Pescarese vittima del “turista picchiatore”

30 Luglio 2016

Lo studente di Ingegneria aggredito a Milano: «Mi ha chiesto indicazioni stradali e poi mi ha colpito»

PESCARA. Il copione è identico per tutte le vittime. Nicolas Orlano Lecumberri, lo spagnolo 23enne di San Sebastian autore, secondo le denunce raccolte dalle forze dell'ordine, di almeno dieci giochi criminali noti come “knockout games” che prevedono di sferrare pugni a caso ai passanti, ha incrociato sulla sua strada anche uno studente pescarese di 19 anni.
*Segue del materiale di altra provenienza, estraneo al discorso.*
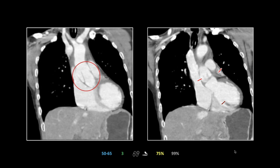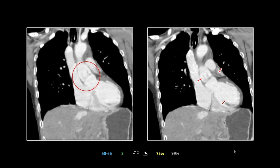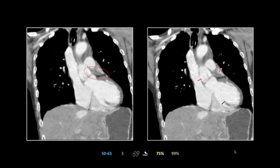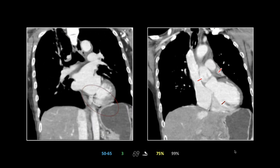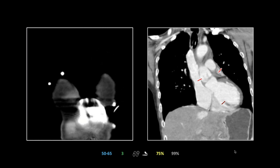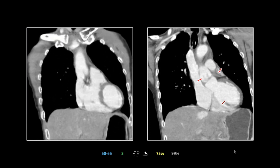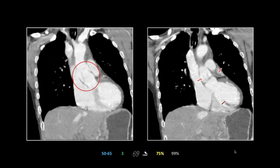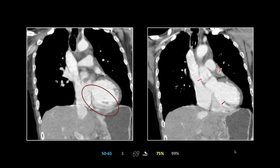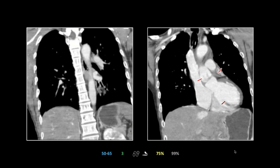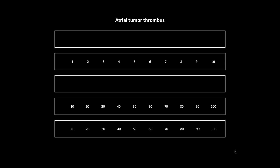On the coronals, you can watch the flap on the patient's left cross the ostium, and there's the left coronary system alongside the normal enhancing basal myocardium. That was an aortic dissection with coronary occlusion.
A.D.F. studia Ingegneria a Milano e il 18 luglio scorso stava tornando a piedi, da solo, verso la metro, quando è stato avvicinato dallo spagnolo soprannominato da polizia e carabinieri “il turista picchiatore”. «Ero appena uscito dall'università», racconta la vittima al Centro con la richiesta di restare anonimo, «mi si è avvicinato un tipo che mi ha chiesto in inglese indicazioni stradali per viale Abruzzi, sempre a Milano. Sembrava una persona normale come tante, forse un po’ trasandato. Io gli ho risposto, ma lui ha iniziato ad alzare la voce immaginando che volessi prenderlo in giro. Ha iniziato a tirare i pugni e fare a botte, ma io ho reagito e mi sono difeso». Qualche ora dopo il pescarese A.D.F. dopo le medicazioni al pronto soccorso e la denuncia ha scoperto di essere una delle tante vittime di quel gioco violento nato negli Usa e che prevede di prendere a pugni le persone in strada a caso, senza nessun motivo. Nel cuore di Milano sono stati segnalati almeno dieci casi di pestaggi. Giovedì sera Nicolas Orlano Lecumberri è stato identificato e arrestato dalla polizia dopo essersi esibito ai piatti al Loola Paloosa di corso Como, una delle discoteche più conosciute di Milano. Alloggiava in un ostello in zona Navigli. È accusato di lesioni aggravate con l'aggravante della premeditazione e dei futili motivi. Il “turista picchiatore” spagnolo era solito comportarsi allo stesso modo con tutte le vittime. Ha un precedente per lo stesso reato, in Spagna. (y.g.)